Hello Phil,Thank you very much for the review. No, the original problem consists in the fact that Xlib function "XSetErrorHandler" is not thread-safe, so calling it from different threads by setting one error handler and restoring the previous error handler leads to such not easily reproducible bugs like this and the already fixed 6678385, for example when the second thread restores error handler set by the first thread after the first thread left the code block potentially generating XError and already unset its error handler. The only solution to this problem is introduction of one critical section for all pairs of calls to "XSetErrorHandler" function through WITH_XERROR_HANDLER, RESTORE_XERROR_HANDLER macros in the code of JDK. Even this solution is not complete, because JDK's code cannot influence invoked by it code from the third-party libraries, which also sets or potentially sets own error handlers. The purpose of the fix for "6678385" bug was to guarantee that AWT code sets its global error handler once and for the whole life time of Java application and allows Java code to set "synthetic" or not real error handlers without invocation of "XSetErrorHandler" function. While the idea of this fix is to guarantee that there is no place in JDK other than "src/solaris/native/sun/xawt/XlibWrapper.c", where "XSetErrorHandler" function is called. So this fix substitutes real calls to that native function for setting of "synthetic" error handlers through "sun.awt.X11.XErrorHandlerUtil" class.

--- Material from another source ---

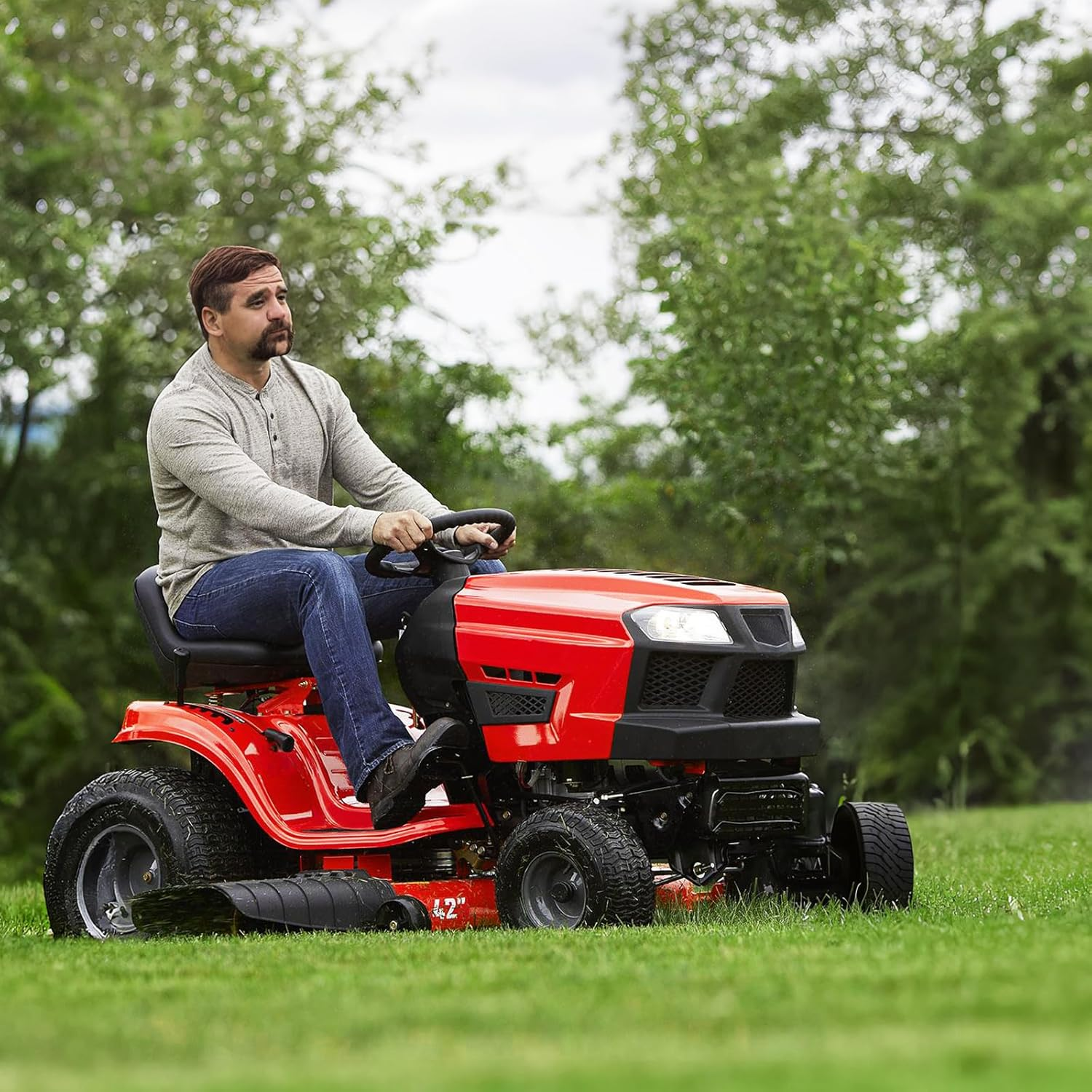 Mannial 144959 Deck Belt (1/2" X 95") Fit Craftsman Poulan Husqvarna 144959 532144959 160855 130801 138255 532130801 532138255 532160855 577203116 image number 4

Yes, this pattern follows a policy relying on the assumption that no other code has a "more important" need to have its X error handler installed, but with one correction which is "no other code in JDK". So this constraint is not applicable to a code of any third-party library, since it is impossible without collaboration between JDK and third parties on definition of common critical section. Unfortunately, I did not know about the opportunity of embedding Java application into another application.
I also do not know the point of saved_error_handler variable, it became unusable with the fix for the bug "6678385", but this seems to be a stable code which I just had to move from XToolkit class to XErrorHandlerUtil without any modification.
AWT_LOCK/AWT_UNLOCK code was added to guarantee that no other thread from JDK code both Java and native can set and unset synthetic error handlers simultaneously. This is the critical section, which I described in my first passage of this e-mail.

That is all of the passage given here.